In Japan, scientists have been monitoring the Covid trends, specifically the ebbs and flows of the pandemic’s impact on mental health. Shinichi Tokuno, a professor at the University of Tokyo, collaborated with colleagues and the tech company PST Inc. to develop a smartphone health app that analyzes vocal cord vibration. It’s called Mind Monitoring Systems, MIMOSYS for short. Suicide is the leading cause of death for Japanese citizens ages 15 to 29, making it dire, said Tokuno, to track how people in Japan are responding to the pandemic.

Tokuno shared with #CrisisTalk that people’s voices vary a great deal when they’re doing well, frequently going up and down. When a person experiences stress, he said, their voice becomes less “energetic.” While MIMOSYS app users opt-in, individual data isn’t released; instead, Tokuno and his colleagues are using the app to identify, more broadly, how people in Japan are doing. That said, users can track their own wellness on the app. “It allows users to catch changes or decreases in mood before they might realize them otherwise,” he said, “letting them know maybe it’s time to go for a walk or reach out to your mental health provider.” 

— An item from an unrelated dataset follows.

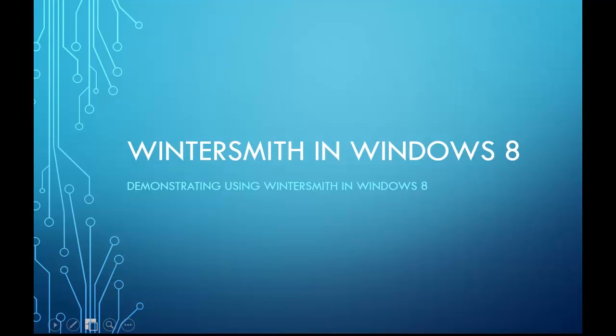Hi, Jeremy Morgan here. Today we're going to do a quick introduction to Wintersmith in Windows 8.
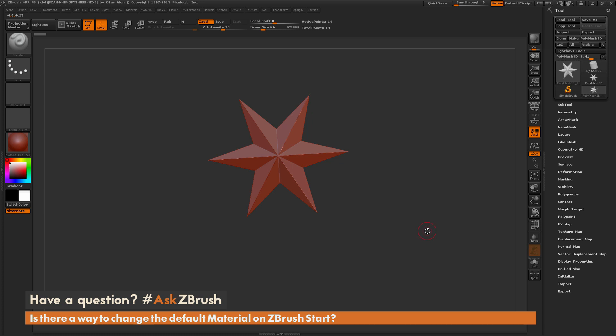And if you have any additional questions involving ZBrush-related pipelines, please use the hashtag AskZBrush on Twitter. Happy ZBrushing!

With 988 on the horizon, and texting likely to be a component, Neylon points out that AI technologies could be instrumental in helping counselors triage texts and address potential demand challenges. In the paper, she wrote about Crisis Text Line, a nonprofit mental health texting service that uses a robust AI algorithm to prioritize texts. The algorithm rapidly reviews incoming texts, allowing counselors to address communications by severity, not chronology. As a result, the text line is able to serve 94% of high-risk texters in under five minutes. The algorithm has provided transparency on what words and emojis are more likely to lead to high-risk conversations than the word “suicide.” Among them are the emoji pill and the crying face emoji. Similarly, the AI gives counselors a window into what words are most helpful. For instance, words like “proud,” “smart,” and “brave” often pepper highly rated conversations.

Neylon says that while integrating innovative technologies for first responders, crisis service providers, and consumers is essential, so too is ensuring that social media and other marketing technologies are used to sufficiently disperse information on 988 within fields that have a tight nexus with behavioral health crises, including the behavioral health field. “This summer, I’ve spoken to providers across the nation, and many have never heard of 988,” she says. “They don’t know what 988 is, nor how it will operate.” She notes the same is true for many, if not most, consumers. 

“When providers and consumers don’t know about 988, that means they can’t come to the table,” she says. “That harms the system as a whole, and it’s, yet again, a missed opportunity for parity.”